▶ Data for this task

#####

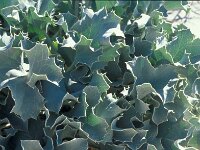 Eryngium maritimum 66, Blauwe zeedistel, Saxifraga-Jan van der Straaten
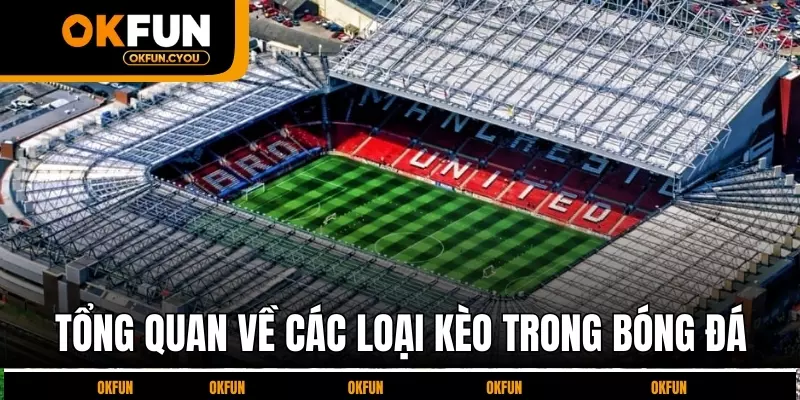 tong-quan-ve-cac-loai-keo-trong-bong-da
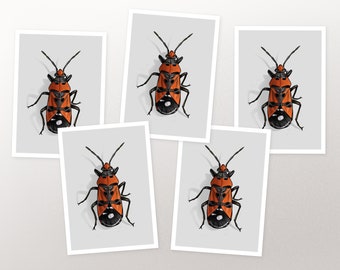 Postcard set beetle fire bug, card, greeting card A6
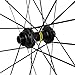 Mavic Cosmic SLR 45 Wheelset Centerlock, Hg, 12X100/12X142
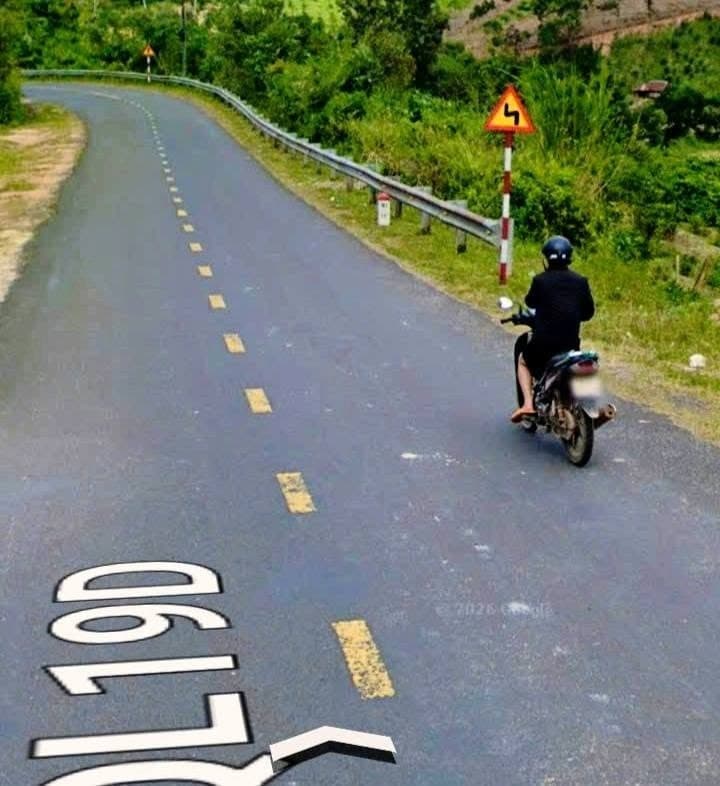8,3 sào cà phê tơ mặt QL19B, Đắk Đoa, Gia Lai — 2,5 tỷ - ảnh 3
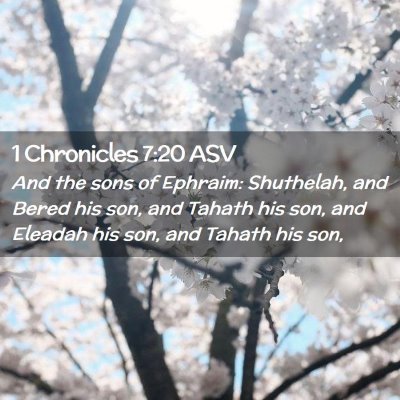 Picture 02 - 1 Chronicles 7:20 ASV - And the sons of Ephraim: Shuthelah, and Bered his - Bible Verse Picture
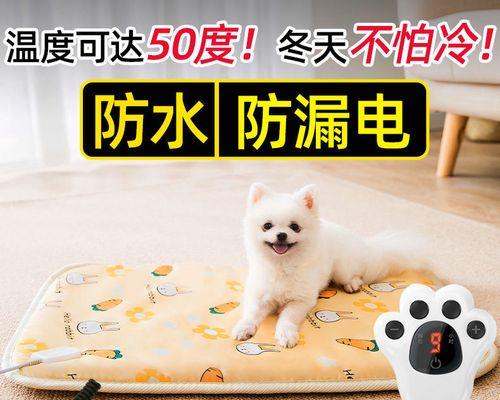 如何控制宠物猫咪的饮食（健康的猫咪需要正确的饮食管理）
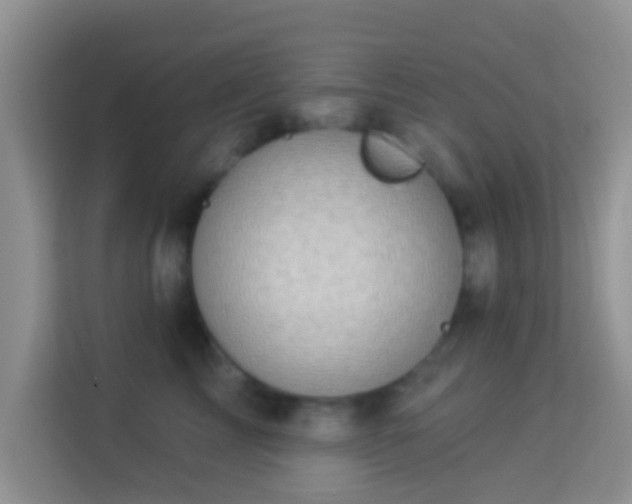 X0000113980713200910091318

#####

▶ What you are asked to do
In transcribing the material above, reproduce each line exactly and include none of the pictures.

▶ Answer area
 Eryngium maritimum 66, Blauwe zeedistel, Saxifraga-Jan van der Straaten
 tong-quan-ve-cac-loai-keo-trong-bong-da
 Postcard set beetle fire bug, card, greeting card A6
 Mavic Cosmic SLR 45 Wheelset Centerlock, Hg, 12X100/12X142
8,3 sào cà phê tơ mặt QL19B, Đắk Đoa, Gia Lai — 2,5 tỷ - ảnh 3
 Picture 02 - 1 Chronicles 7:20 ASV - And the sons of Ephraim: Shuthelah, and Bered his - Bible Verse Picture
 如何控制宠物猫咪的饮食（健康的猫咪需要正确的饮食管理）
 X0000113980713200910091318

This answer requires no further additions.